De Almeda has made a career of portraying menacing authority figures who have a corrupt side. At the same time, he has a gravitas that allows him to make these roles feel realistic. Even when he's badgering the OCS in Warrior Nun, the way he carries himself at first indicates real concern for the order. But his stern nature and willingness to open up rifts in the Order make him the obvious choice as the Big Bad of the season. The decision to swerve away from that is yet another detail that the show nailed, because all of the information that we knew for sure about him indicated that he was going after a power grab in the Vatican — not that he was seeking mystical control of demons.  

Science vs. magic vs. faith

The key philosophical conflict of the series is the intersection of magic, science, and faith. The nature of the Halo, Divinium, monsters like Tarasques, and even Adriel himself are all left deliberately vague.
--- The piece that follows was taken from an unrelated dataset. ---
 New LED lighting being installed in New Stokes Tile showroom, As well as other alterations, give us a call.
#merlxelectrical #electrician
Much of the show is a debate between the characters as to what is real. Cardinal Duretti values faith above all else, and clings to it so tightly that the institutionalization of faith is more important than the actual truth — whatever that might be.
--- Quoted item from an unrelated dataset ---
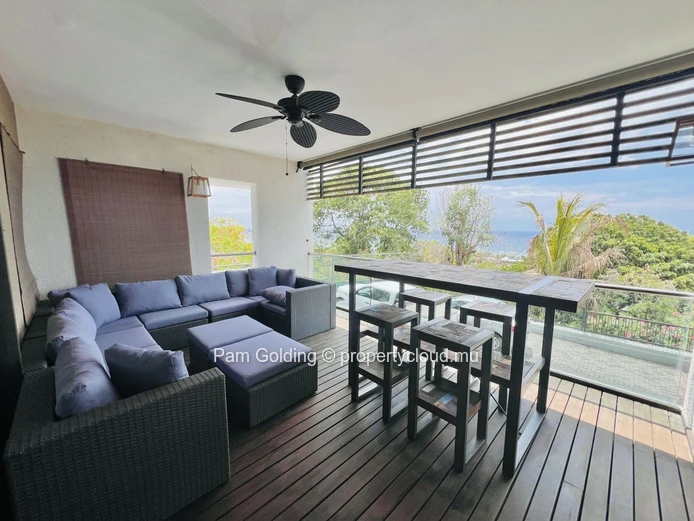3-Bedroom Ensuite Apartment in Tamarin – Panoramic Ocean Views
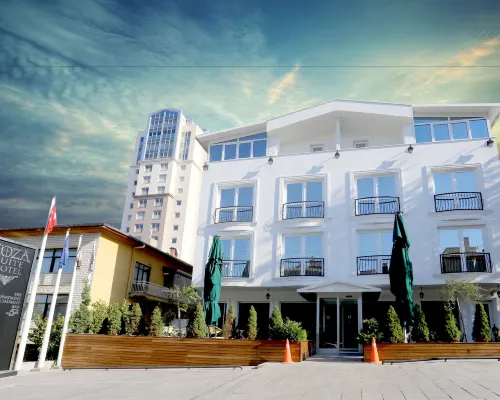 كوزا سويت هوتل Hotels near بيرليك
Dr. Jillian Salvius wants to get at that truth, but rejects faith outright. For her, the holy relics are mysterious objects made out of a substance not otherwise found on Earth. Tellingly, Ava rejects the faith of the Order and turns to Dr. Salvius to "science her" in an effort to explain what the Halo is. Salvius doesn't have any real answers either.
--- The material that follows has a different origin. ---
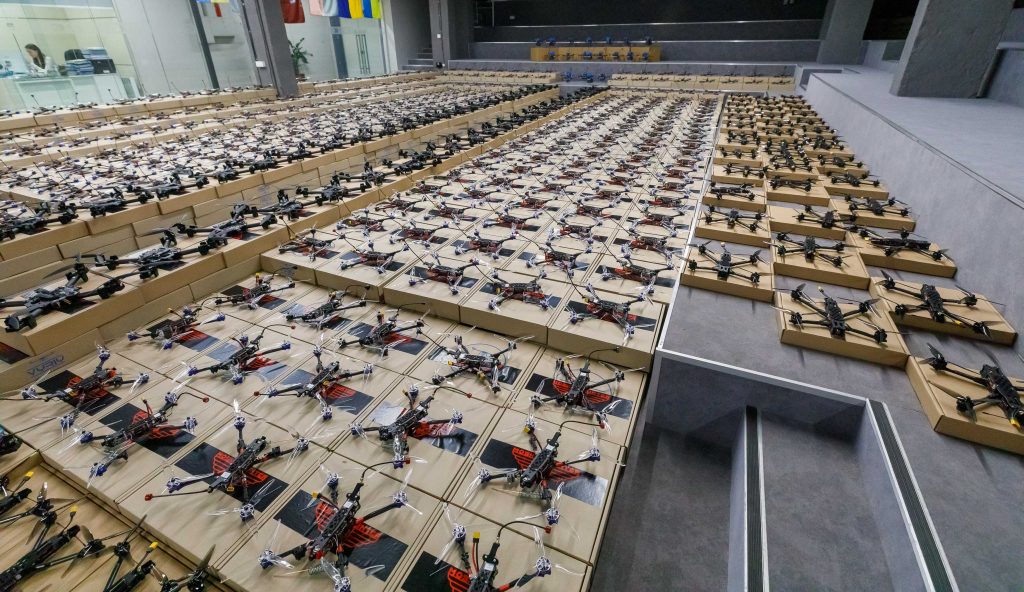 波罗申科向乌克兰军方移交2000架FPV无人机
As Arthur C. Clarke once said, "Any sufficiently advanced technology is indistinguishable from magic." The writers of Netflix's Warrior Nun take this idea and run a sort of shell game between science, magic, and faith. The show seems to lean in one direction until new information is revealed that makes it lean in another direction. The events of the final episode show that the real answer was one hinted at repeatedly but never seized upon: extra-dimensional aliens. How this factor influenced the history of faith and science in the show is one of the most interesting open questions for the second season.